IBM hardware is literally designed to work with Linux, if you read their manuals it goes on about linux, how to set it up, how to contribute to open source, how to choose what license to release something under and what protection, liability or lack there of each affords you in an unbiased way.
Seems like a logical choice to me since a really good amount of IBM product manuals have a “Installing RHEL” section in them.
Yup. 10-15+ years ago if i’m not mistaken
i very much doubt this is being used as a lever for “IBM” hardware (e.g., RISC based servers).
IBM are becoming more of a service company; they will put redhat on third party (maybe re-badged as IBM so they can also include that in the full support contract) boxes is my bet, and offer support contracts and full-stack IBM certified solutions for people like government agencies, hospitals, other large enterprise contracts.

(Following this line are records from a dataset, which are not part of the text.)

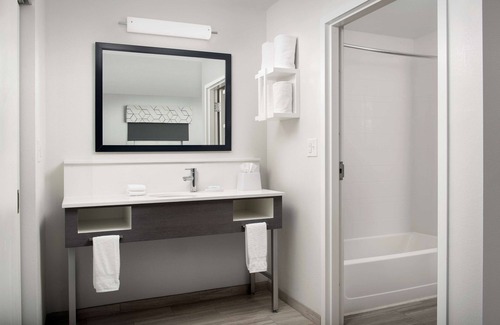 Duncan Hotel | Hampton Inn Duncan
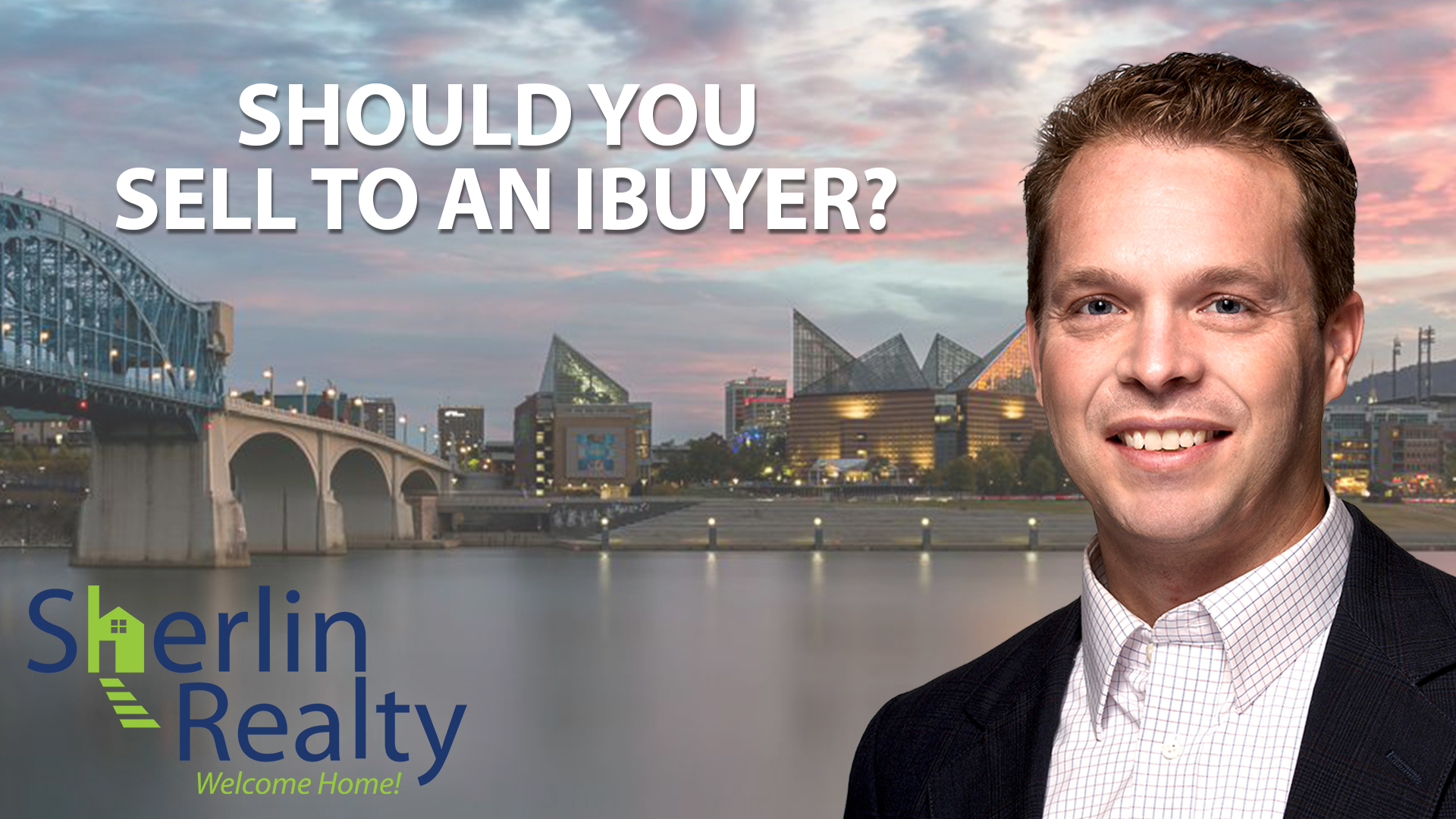 Selling to an iBuyer vs. Listing the Traditional Way
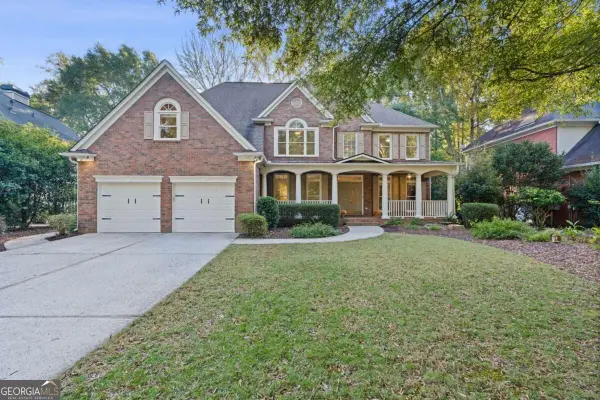 210 Rivergate Drive, Suwanee, GA 30024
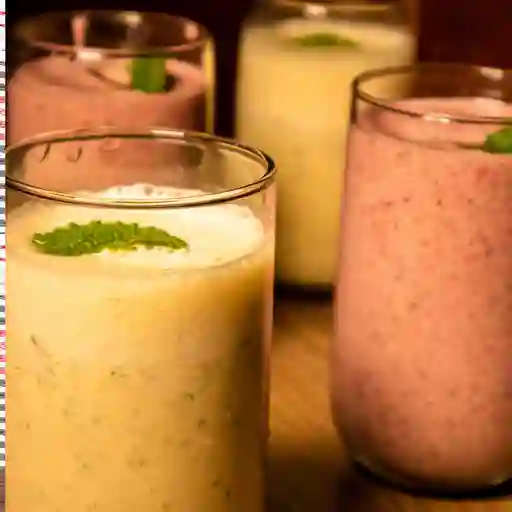 Jugos naturales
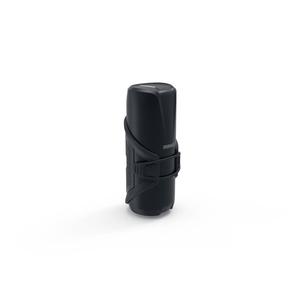 maheb020018-external-battery-pack-holder-and-silicone-strap-mahle-e158w-black-one-size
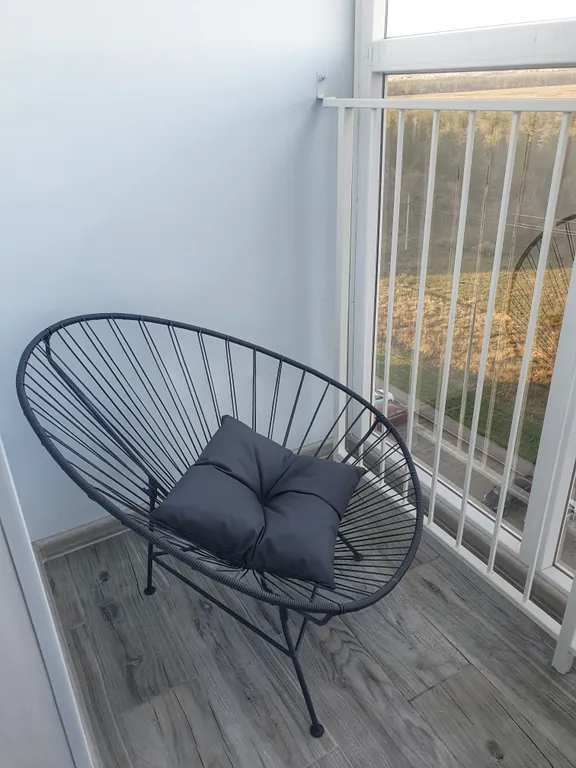 Уютная квартира рядом с аквапарком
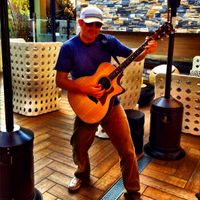 Mike Myrdal @ Hennesseys Carlsbad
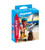 Playmobil - Pirate with Cannon 5378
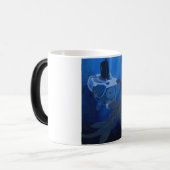 Alvin Mini sub Plesiosaur Encounter Mok (Voorkant links)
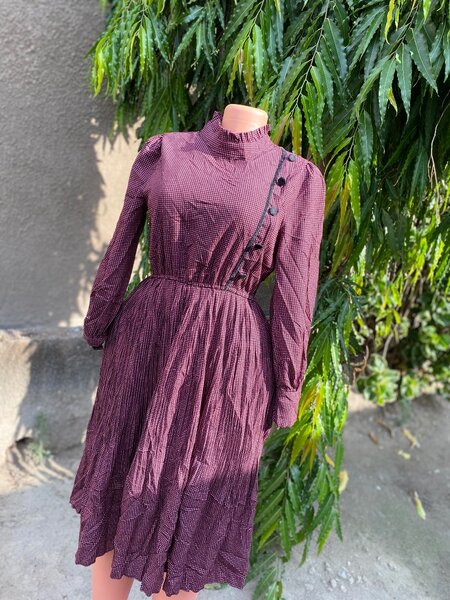 Thrift dresses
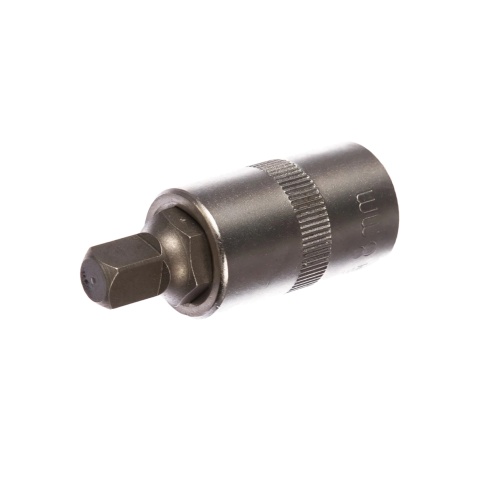 Головка со вставкой 1/2" квадрат (8 мм, L=55 мм) AVS BS12S8 фото 1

i.e., they aren’t in the market to sell copies of RHEL per se.
They’re in this in order to offer a top to bottom fully IBM supported platform including the OS and cloud application(s). The OS platform is one piece in that puzzle that IBM haven’t really had since AIX died (well, i believe it is essentially dead now?) and OS2 failed.
i.e., you want to run some application for your big business or government department. You have a single source of support through IBM for the re-badged hardware, the OS platform, the application development and the cloud hosted components.
IBM have been partnering with Apple on the application development side a lot lately too. They’ve been heavily involved in swift/cloud development with Apple; IBM and Apple are going to war with Microsoft for the enterprise via cloud and mobile device.
I suspect that they’re eventually going to win out. In terms of end user devices, Microsoft is nowhere without the PC, and the vast majority of business end users simply do not need one.
What they bought and what lives is basically RHEL + whatever cloud integrator products and services, and whatever heads they could aquahire. I’m not worried about the cloud stuff, good management wouldn’t mess with what’s good.
Everything else, that doesn’t have a sales pitch for large enterprise IBM customers will likely die and will have to be reborn somewhere somehow.